──────── Exercise inputs ────────
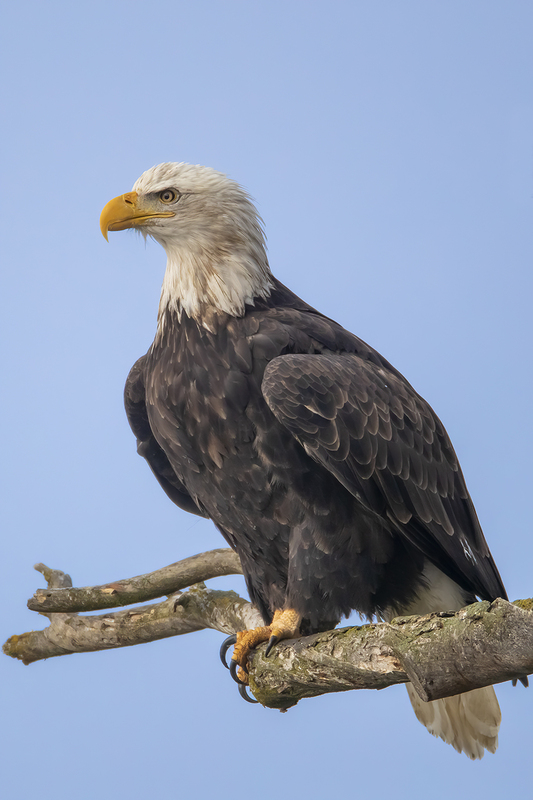TC-Bald Eagle-D00026-02621(1).jpg :: Bald Eagle (Haliaeetus leucocephalus) perched on a branch watching for spawning Kokanee salmon on wather below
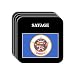 US State Flag - SAVAGE, Minnesota (MN) Set of 4 Mini-Mousepad Coasters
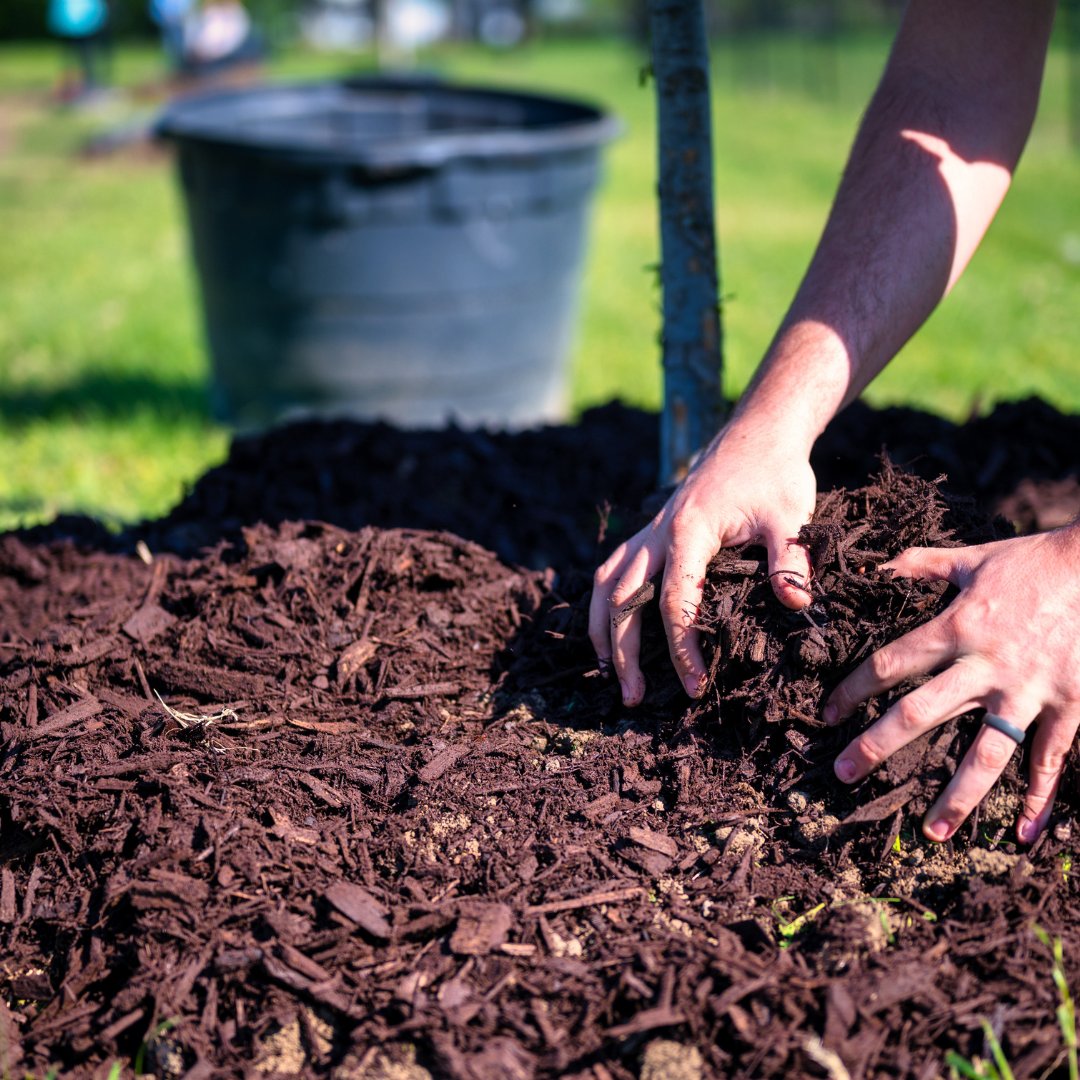 LRinvasives's tweet photo. Happy Soil Conservation Week! Let's celebrate &amp; appreciate the foundation of our food system. Healthy soil is key to nourishing our communities and sustaining our rural areas for generations to come. Protect soils by removing invasive plants. 🌱🌾🌿
#SoilConservationWeek https://t.co/EZf98WJ0vj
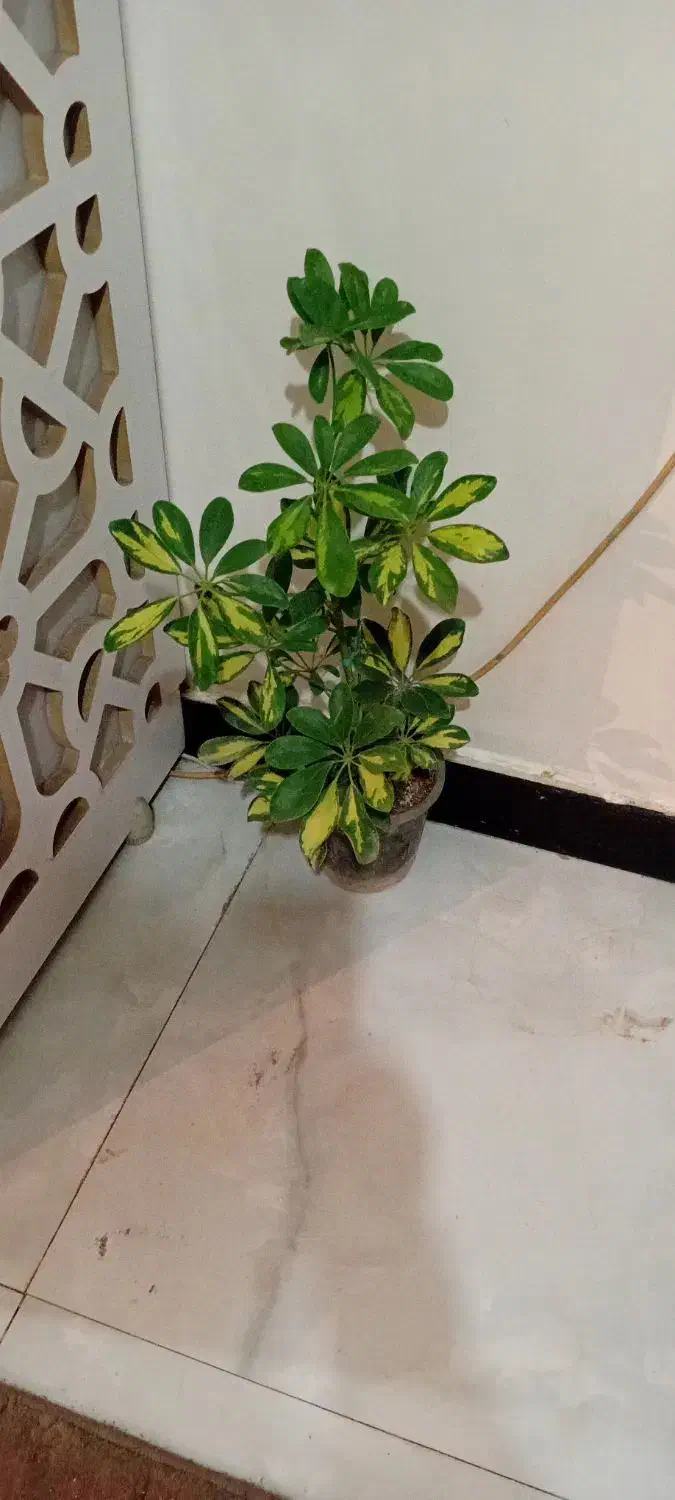 تلفن نیست|تلفن رومیزی|خرمآباد, |دیوار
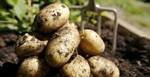 Фото №2 Семена картофеля:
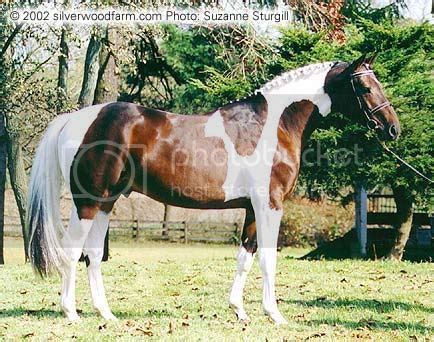 Equine Genetics: Tobiano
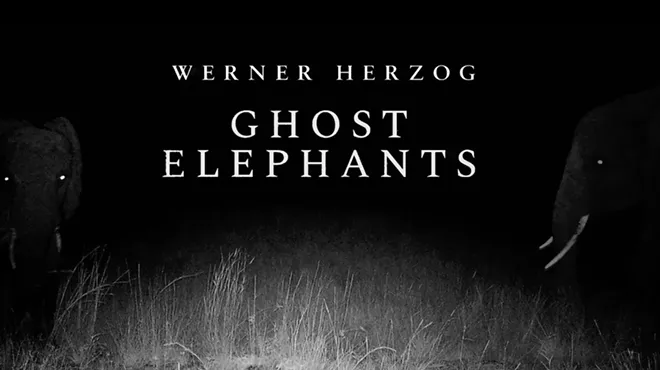 Image: Ghost Elephants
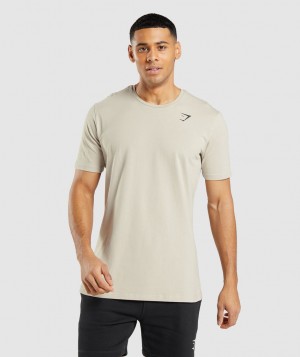 Pánské Tričko Gymshark Essential Šedé | 20865-HIPN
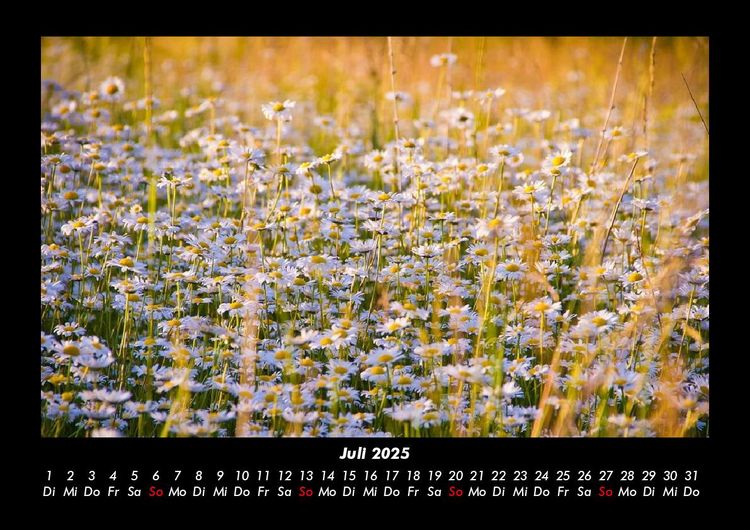 Produktbild: Bilder der Natur 2025 Fotokalender DIN A3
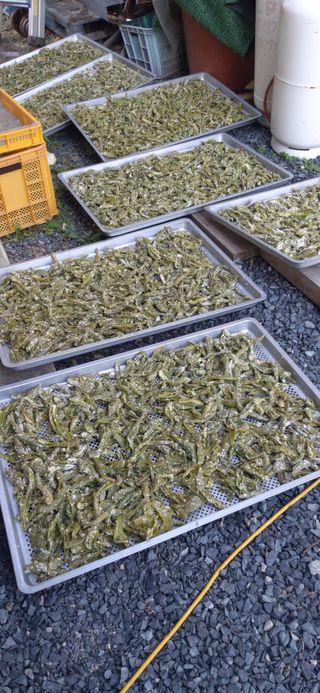 산마루농장님의 작성글 사진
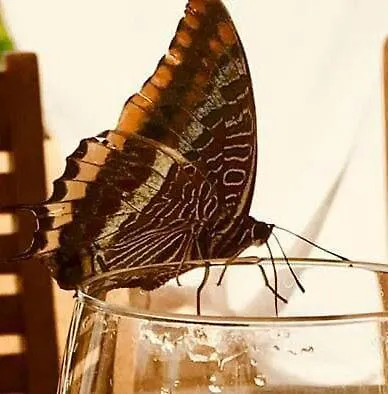 Ferienhaus Casa La Luna Cambrils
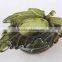 Home decor /Leaf shaped glass candle holder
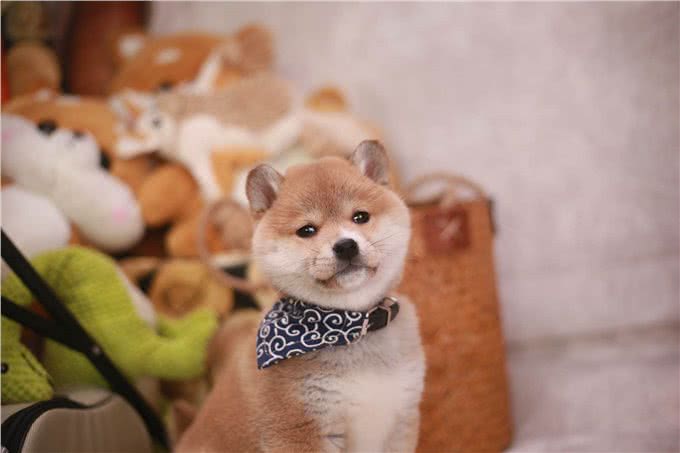 普通柴犬和赛级柴犬的区别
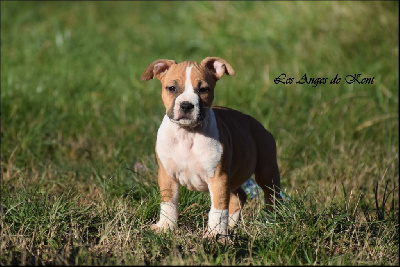 Les chiots de American Staffordshire Terrier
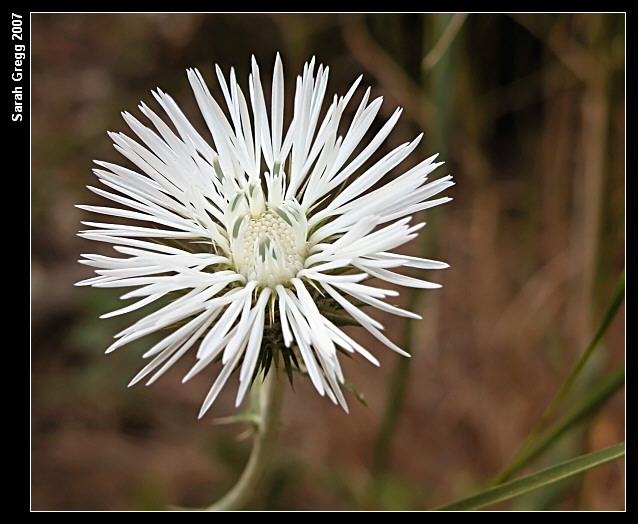 Carduus  gruppo pycnocephalus e Galactites tomentosus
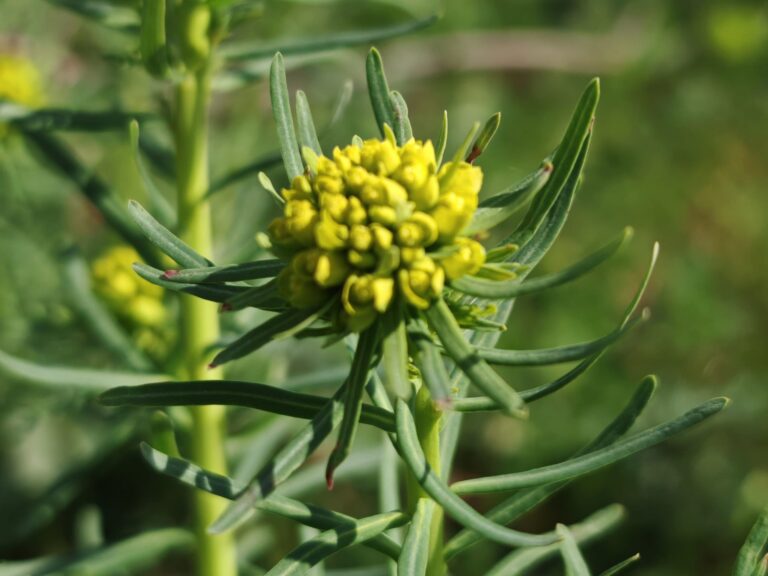 Euphorbe petit-cyprès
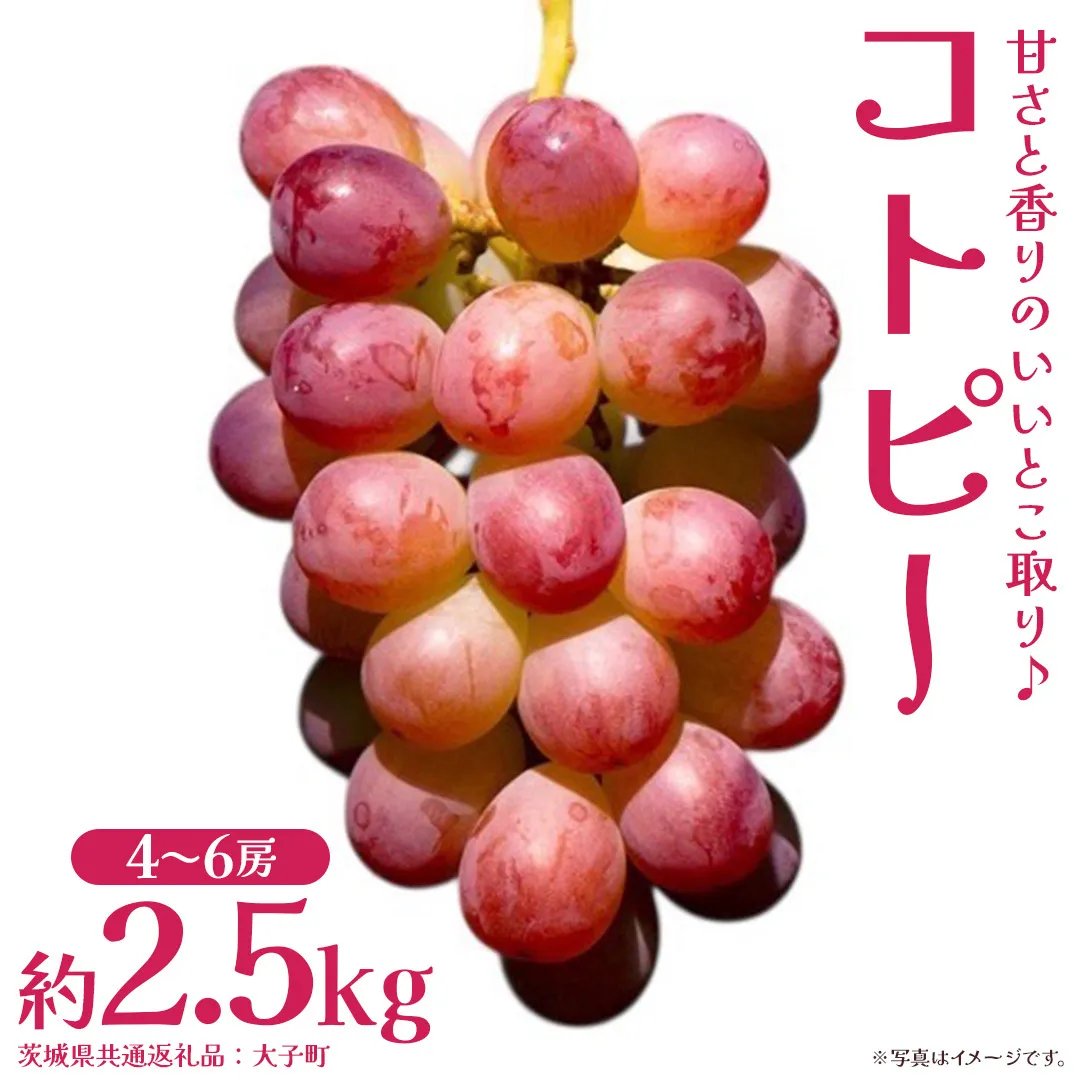 コトピー 2.5kg [2026年8月下旬発送開始 ] (茨城県共通返礼品:大子町) コトピー ぶどう ブドウ 葡萄 皮ごと 赤い シャインマスカット 新品種 フルーツ 旬果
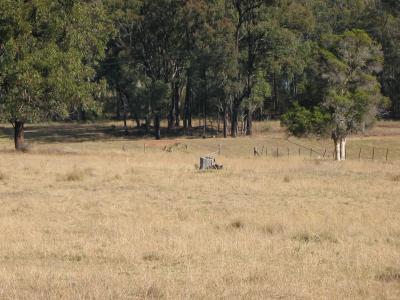 Kangaroos in the distance.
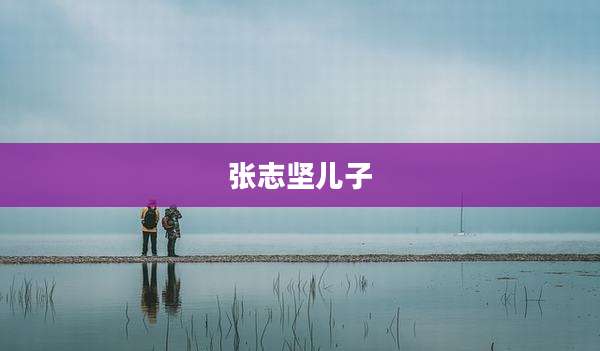 张志坚儿子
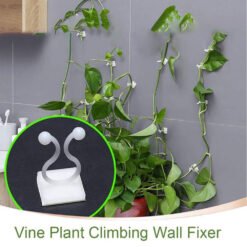 vine plant climbing wall fixer
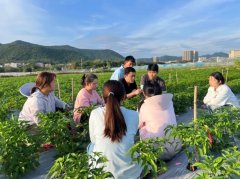 正在国际合做、平台扶植取尺度输出等得系列冲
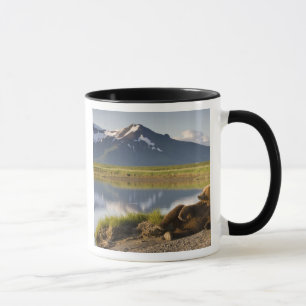USA, Alaska, Katmai National Park, Brown Bears Mug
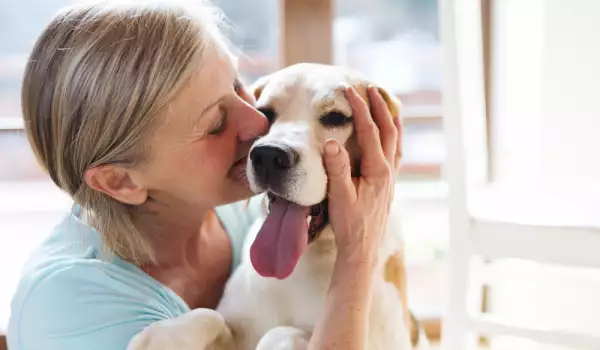 Как кучето ви да живее по-дълго и щастливо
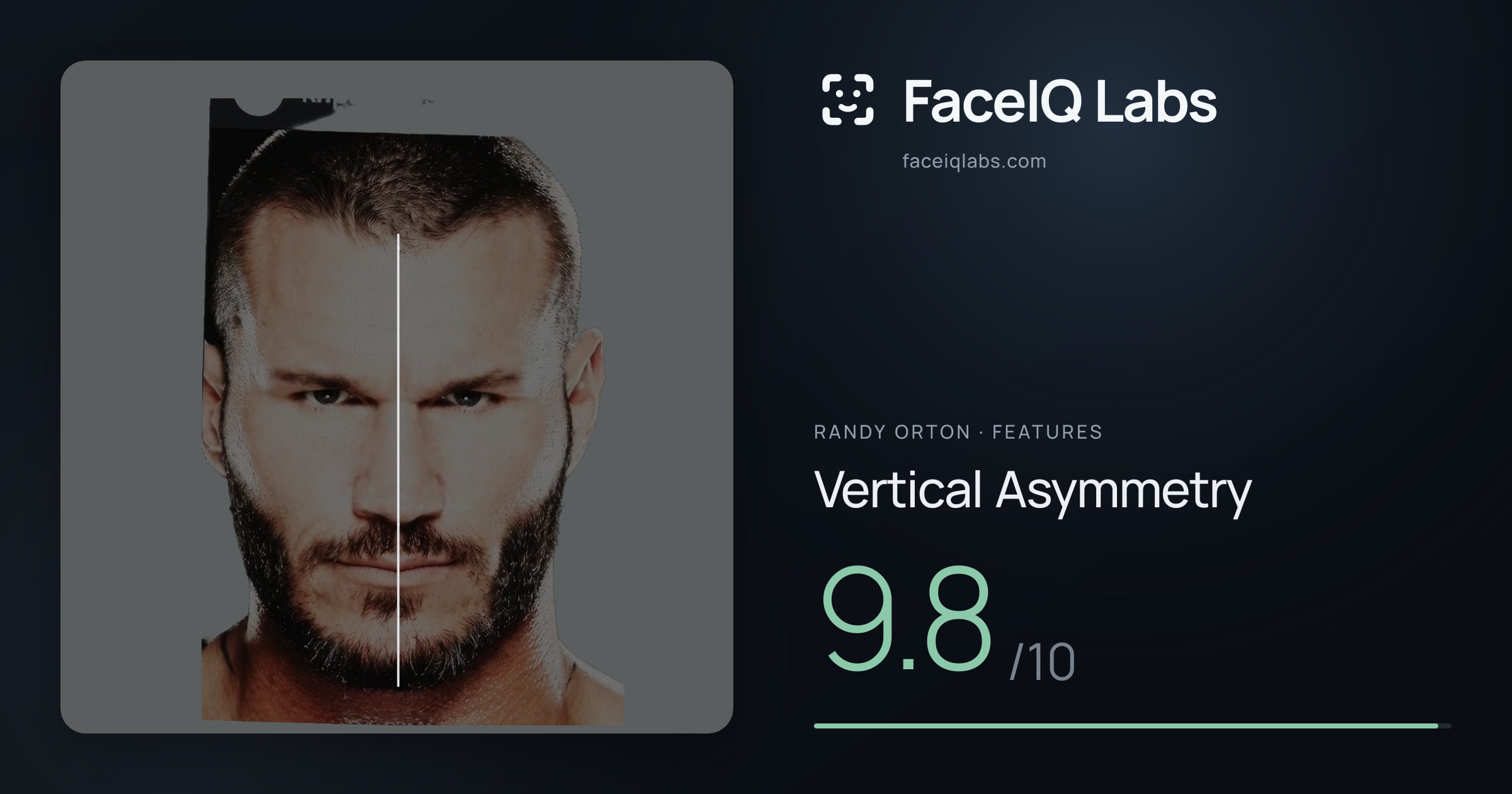 Randy Orton Vertical Asymmetry: 9.8/10, drawn on the photo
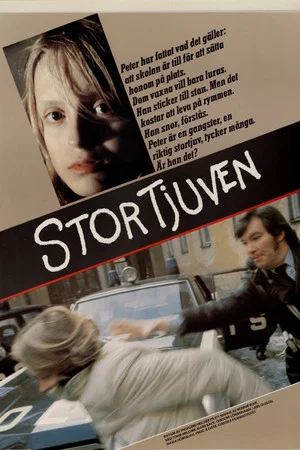 Постер: Stortjuven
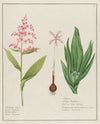 Helleborus albus … [and] Colchicum (1797–1810)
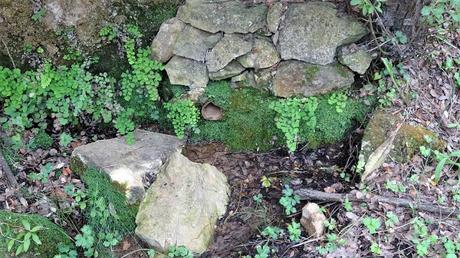 De Capafonts al Gorg de Les Fous | Tarragona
────────
(Task objective) Where the line with "تلفن نیست|تلفن رومیزی|خرمآباد, |دیوار" appears, begin there and transcribe exactly through the last line of the data, leaving all pictures aside.

(Reply)
 تلفن نیست|تلفن رومیزی|خرمآباد, |دیوار
 Фото №2 Семена картофеля:
 Equine Genetics: Tobiano
 Image: Ghost Elephants
 Pánské Tričko Gymshark Essential Šedé | 20865-HIPN
 Produktbild: Bilder der Natur 2025 Fotokalender DIN A3
 산마루농장님의 작성글 사진
 Ferienhaus Casa La Luna Cambrils
 Home decor /Leaf shaped glass candle holder
 普通柴犬和赛级柴犬的区别
 Les chiots de American Staffordshire Terrier
 Carduus  gruppo pycnocephalus e Galactites tomentosus
 Euphorbe petit-cyprès
 コトピー 2.5kg [2026年8月下旬発送開始 ] (茨城県共通返礼品:大子町) コトピー ぶどう ブドウ 葡萄 皮ごと 赤い シャインマスカット 新品種 フルーツ 旬果
 Kangaroos in the distance.
 张志坚儿子
 vine plant climbing wall fixer
 正在国际合做、平台扶植取尺度输出等得系列冲
USA, Alaska, Katmai National Park, Brown Bears Mug
 Как кучето ви да живее по-дълго и щастливо
 Randy Orton Vertical Asymmetry: 9.8/10, drawn on the photo
 Постер: Stortjuven
 Helleborus albus … [and] Colchicum (1797–1810)
 De Capafonts al Gorg de Les Fous | Tarragona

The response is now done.